In certain ways, his epic, 30-foot-long painting The City I — which took 11 months to complete and anchors his new Houston show “The Beginning Is Near (Part I)” — feels cut from the same cloth. Famously described by The New York Times as “a selfie for 21st-century America,” the wall-sized, entirely black-and-white work confronts gallery-goers with a gathering of Ku Klux Klan members upstaging (or “photo-bombing” as Valdez suggests) an anonymous cityscape populated by a sole cellular tower and twinkling lights in the distance. Admittedly, it’s difficult to stand in front of one of Valdez’s paintings or drawings without feeling awestruck by his mastery of realism, yet making inevitable eye contact with his hooded haters is disturbing, even frightening. Shuffling by The City I, details both telling and mysterious emerge — among them: a hooded baby wearing Nikes and clutching a Pikachu, a lone unmasked figure, a hunting dog, an aluminum can and a truck with its lights on.  

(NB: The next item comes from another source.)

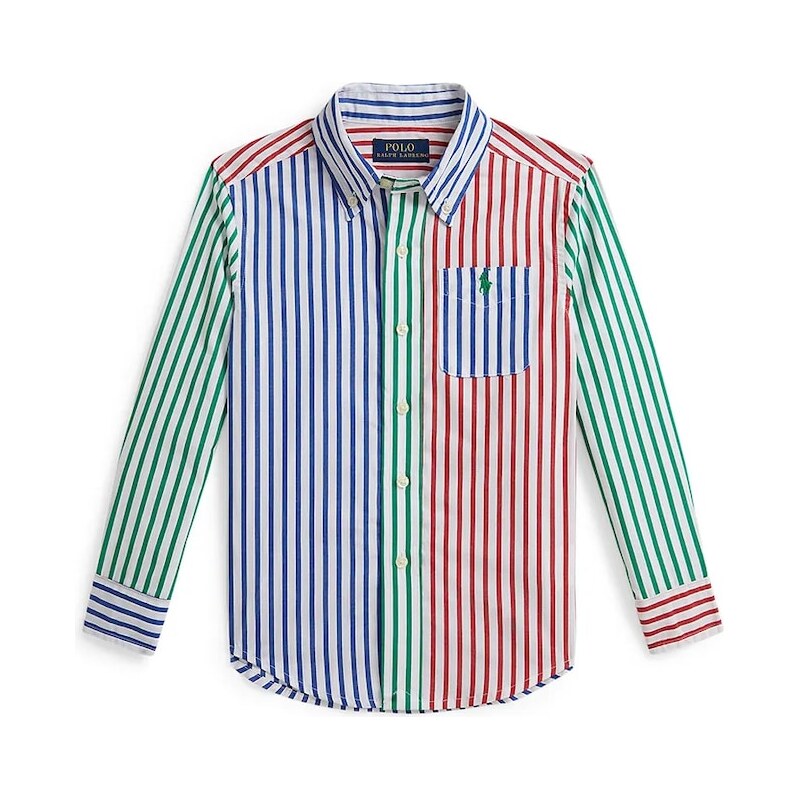 Detská bavlnená košeľa Polo Ralph Lauren 66180965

click to enlarge Vincent Valdez Paints a Haunting Call to Action
Vincent Valdez, (Detail) The City I

In a Q&A included in the exhibition notes, Washington and Lee University art history professor Andrea Lepage asks Valdez if he considers The City a call to action. His response: “The City is a testament of what I witness in American society. I think it is safe to say that much of my work resonates like an alarm that rings nonstop in my head. I must depict what I witness. This is my call to action, to get up and speak up.”

click to enlarge Vincent Valdez Paints a Haunting Call to Action
Vincent Valdez, (Detail) The City I

“Vincent Valdez: The Beginning is Near (Part I)”
Free, Sept. 9 - Oct. 8, 11am-6pm Tue-Sat, David Shelton Gallery, 4411 Montrose Blvd., Suite B, Houston, (713) 393-7319, davidsheltongallery.com.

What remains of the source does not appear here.